Entre as leituras atuais: “A Ascensão do Dinheiro”, de Niall Ferguson, e uma biografia de Thomas “Stonewall” Jackson, general que lutou do lado confederado, que defendia a continuidade da escravidão, na guerra civil americana. 
DILETO AMIGO – Esse último foi presente de outro “dileto amigo”, o “maior presenteador de livros”, com quem acumula “oito anos de afinidades”. Fala do desembargador Thompson Flores, presidente do Tribunal Regional Federal da 4ª Região, que confirmou a condenação de Lula a 12 anos de prisão. Mourão o recepcionou dias atrás no Clube Militar, sob sua presidência desde maio.
Antes disso, chefiava a Secretaria de Finanças do Exército. Mourão se diz zeloso à hierarquia: “Canso de dizer, decisão de comandante não se discute”. Resignou-se, portanto, quando o comandante do Exército, Eduardo Villas Bôas, o removeu do cargo após críticas públicas ao governo Michel Temer em dezembro, numa palestra no Clube do Exército, a convite do grupo Ternuma (Terrorismo Nunca Mais).
COISA NORMAL – “Foi considerado uma ofensa [a Temer], fui exonerado, uma coisa normal”, diz a respeito da avaliação que então fez sobre o país: “Não há dúvida que atualmente estamos vivendo a famosa ‘Sarneyzação’. Nosso atual presidente vai aos trancos e barrancos, buscando se equilibrar, e, mediante o balcão de negócios, chegar ao final de seu mandato”.
Outra palestra já o meteu em apuros com a alta cúpula militar.
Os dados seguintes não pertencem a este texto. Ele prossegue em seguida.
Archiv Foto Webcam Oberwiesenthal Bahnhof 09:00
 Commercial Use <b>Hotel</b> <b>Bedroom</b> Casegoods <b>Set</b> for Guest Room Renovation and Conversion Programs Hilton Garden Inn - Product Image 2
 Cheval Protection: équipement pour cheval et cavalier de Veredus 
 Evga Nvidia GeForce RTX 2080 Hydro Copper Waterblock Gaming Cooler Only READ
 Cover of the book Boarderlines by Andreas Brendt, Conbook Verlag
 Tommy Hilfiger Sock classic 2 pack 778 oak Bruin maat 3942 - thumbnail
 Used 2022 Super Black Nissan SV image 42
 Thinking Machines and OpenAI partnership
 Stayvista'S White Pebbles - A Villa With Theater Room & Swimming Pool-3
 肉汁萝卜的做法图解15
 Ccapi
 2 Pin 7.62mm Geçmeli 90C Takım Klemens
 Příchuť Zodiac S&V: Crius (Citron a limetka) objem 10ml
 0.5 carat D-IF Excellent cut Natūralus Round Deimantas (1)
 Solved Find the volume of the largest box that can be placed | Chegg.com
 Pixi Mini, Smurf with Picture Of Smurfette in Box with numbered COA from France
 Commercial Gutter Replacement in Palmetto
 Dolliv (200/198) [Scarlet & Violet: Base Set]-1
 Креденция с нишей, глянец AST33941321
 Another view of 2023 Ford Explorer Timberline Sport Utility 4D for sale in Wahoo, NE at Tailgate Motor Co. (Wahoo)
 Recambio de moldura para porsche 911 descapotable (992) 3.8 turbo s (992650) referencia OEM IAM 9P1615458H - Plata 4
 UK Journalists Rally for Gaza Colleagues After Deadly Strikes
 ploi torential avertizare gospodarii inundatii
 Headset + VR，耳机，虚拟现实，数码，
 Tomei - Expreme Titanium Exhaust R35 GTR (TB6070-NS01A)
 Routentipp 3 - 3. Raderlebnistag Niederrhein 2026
Em 2015, foi transferido do Comando Militar do Sul para a burocrática pasta de Finanças após criticar o governo Dilma Rousseff.
Não ajudou um general sob sua tutela ter promovido no dia homenagem póstuma ao coronel Brilhante Ustra, chefe da repressão na ditadura —já definido como “herói” tanto por Mourão quanto por Bolsonaro.
INTERVENÇÃO – A polêmica que mais deu o que falar ocorreu em 2017, numa loja maçônica de Brasília. Disse então que seus “companheiros do Alto Comando do Exército” entendem que uma “intervenção militar” seria válida se o Judiciário “não solucionar o problema político” (a corrupção no meio). Mourão é maçom, “como Duque de Caxias”. Agora está mais inativo, mas até pouco era filiado a um grupo de Porto Alegre.
Como Bolsonaro, tem a seu lado uma mulher décadas mais nova —Paula, 42, que conheceu no Exército. A primeira esposa, mãe de seus dois filhos, já morreu.
Antes de se declarar indígena ao TSE, Mourão alvoroçou a opinião pública ao dizer que “temos uma certa herança da indolência, que vem da cultura indígena”. “As pessoas ficaram meio chocadas”, mas como falar de racismo? Ele é o que por acaso? Não branco, preto, pardo ou asiático.
REFLEXÕES – “Minha avó era cabocla. Olha a minha foto, se me pôr um cocar, passo tranquilamente numa [aldeia]”.
“Não vejo esse papel de ‘eu sou o terror’”, afirma sobre o estoque de controvérsias que cultivou nos últimos anos. O que declarou sobre indígenas e africanos não é nada que medalhões como Gilberto Freyre e Sérgio Buarque de Holanda não tenham tratado ao investigar a formação da identidade verde-amarela, diz Mourão.
“O brasileiro é um homem cordial pois gosta de estabelecer relações mesmo se não é bem-vindo naquele relacionamento. Tipo o carioca que fala ‘passa lá em casa’, mas não quer que o cara passe lá de verdade”, diz o general cordial.